Édito Trois
Comme une ritournelle que l’on rêve chaque année de voir enfin se libérer et accomplir pour de bon toutes ses promesses, octobre est revenu et, avec lui, sa cohorte de foires et d’événements « exceptionnels » maquillant la capitale en un gigantesque champ dévoué à l’art moderne et contemporain. Une euphorie en trompe-l’oeil qui ne cache plus la difficulté des galeries parisiennes autant que des institutions à suivre le rythme. Et, indubitablement, la Fiac a prouvé cette année encore la détermination de ses organisateurs à en faire un événement incontournable pour les professionnels de l’art. Mais à quel prix ? Si l’on ne peut que reconnaître la qualité des pièces présentes sur les stands, difficile de ne pas sentir dans l’air une certaine réticence à la prise de risque, à la folie et à la joie qui pouvaient habiter certaines éditions précédentes. Et ce n’est pas le rétrécissement à la seule nef du Grand Palais qui pouvait changer la donne, même si l’ouverture de nouveaux espaces à l’étage a apporté un vent de fraîcheur à cette édition. Alors, comme chaque année, on n’aura finalement pas été surpris ; la Fiac s’affiche comme la reine tranquille des foires françaises.

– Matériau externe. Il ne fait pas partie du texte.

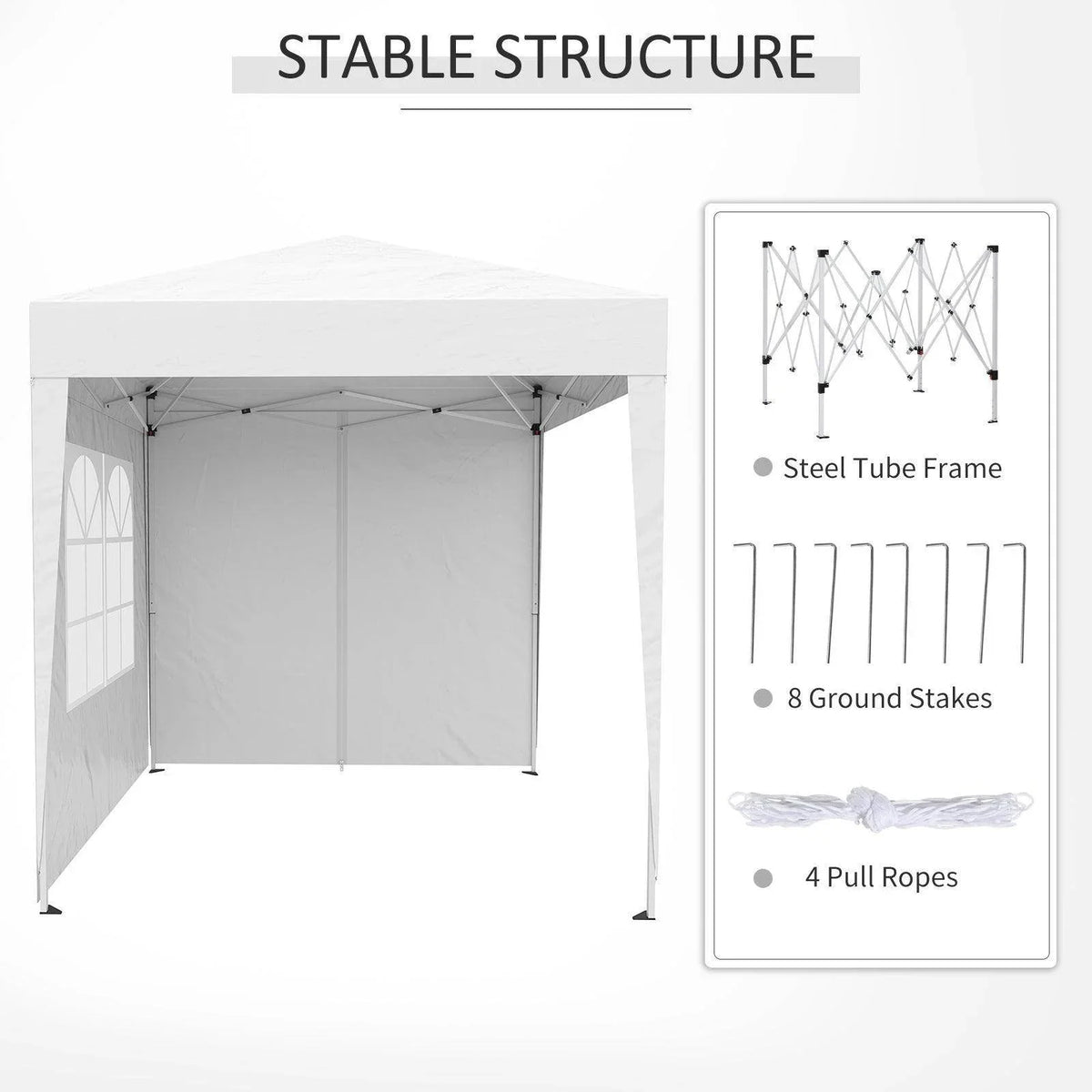 White pop-up canopy tent with steel frame, ground stakes, and pull ropes for stable outdoor use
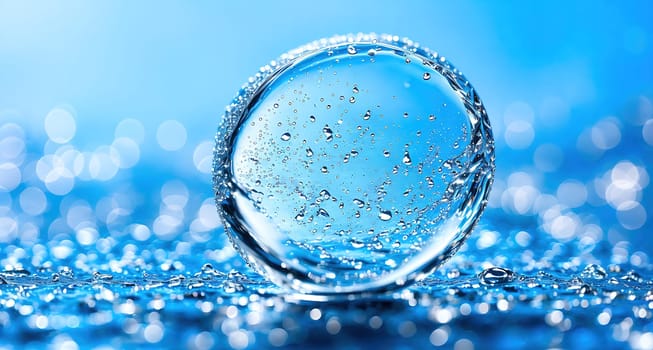The image is a close-up of a clear glass sphere sitting on a wet surface with water droplets surrounding it.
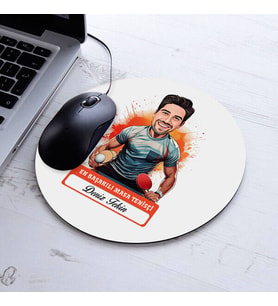 Kişiye Özel Hediye Karikatürlü En Yakışıklı Masa Tenisçisi Mousepad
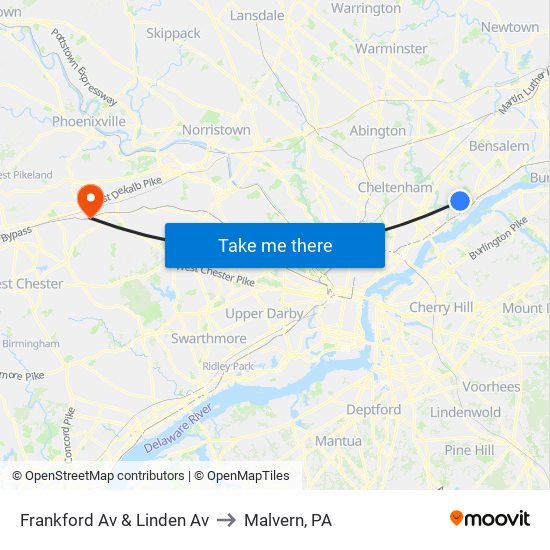 Frankford Av & Linden Av to Malvern, PA map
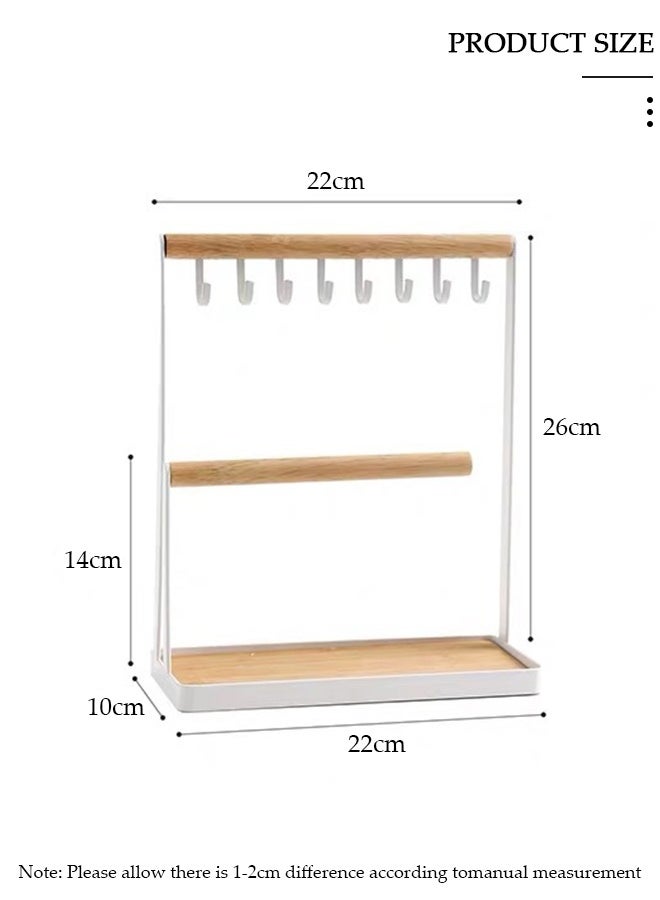 DUNISO Jewellery Organiser Stand, 2-Tier Jewelry Tower Rack with Earring Tray and Holes,Necklace Display Stand Earrings Holder Metal Hanging Pendant Rack,Jewelry Display Stand for Bracelets Rings Watches Keys - Image 2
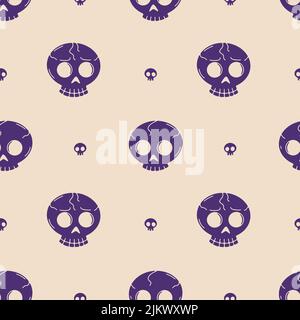 Motivo senza cuciture con silhouette viola su sfondo beige Illustrazione Vettoriale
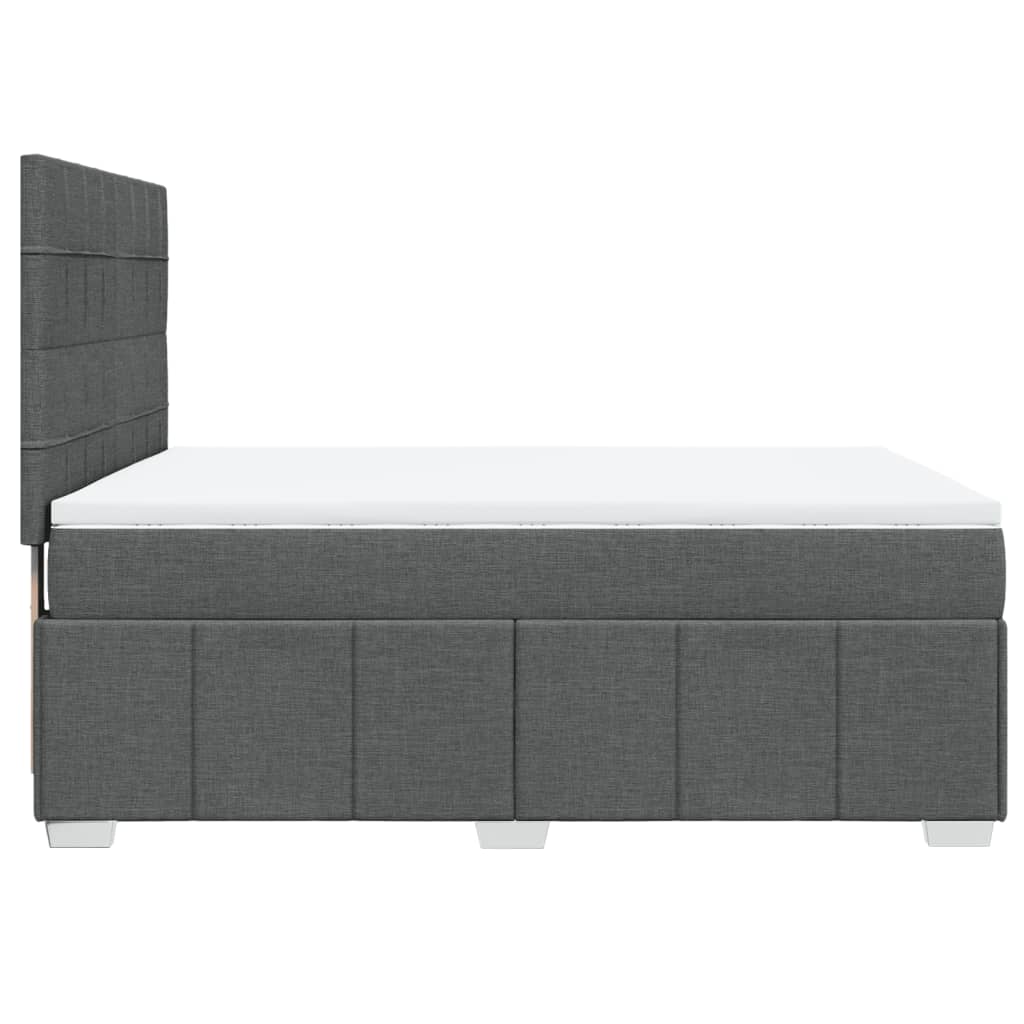 Giroletto a Molle con Materasso Grigio Scuro 140x190 cm Tessuto | homemem39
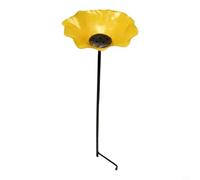 EffiFish Handmade Metal Garden Stake Bee Bath, Flower Shaped Bird Watering Station For Bees Butterflies, Rustproof Outdoor Decor 60Cm Red(Yellow)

Impossible pourtant d’effacer ce sentiment tiraillé entre la chance d’avoir eu accès à de fantastiques œuvres et le regret de les voir ainsi arrachées à leurs pouvoirs de dialogue et de création, avec nous comme avec d’autres pièces. reste à espérer que de tels moyens soient un jour déployés vers un autre pan de la création contemporaine, celle qui bouscule, celle qui découvre et celle qui s’aventure. La Fiac n’est pas une exposition et, si elle rend bien à Paris une place de choix sur le marché de l’art, elle laisse un terrain d’expérimentation à défricher, celui de la création. Alors, derrière les apparats et les tractations sans fin des foires en tout genre, le moment est venu de prendre le temps de se concentrer sur la parole des artistes, et tout particulièrement sur celle de Mircea Cantor (fraîchement récompensé par le Prix Marcel Duchamp), que Slash a rencontré à l’occasion de sa très belle exposition au Crédac, plaidant pour l’urgence de « penser plus à l’imagination qu’aux images ». Laissons donc aller cette ritournelle et accrochons-nous à la création, autrement plus enivrante que la fête du marché de l’art, qui reviendra, c’est certain, l’année prochaine.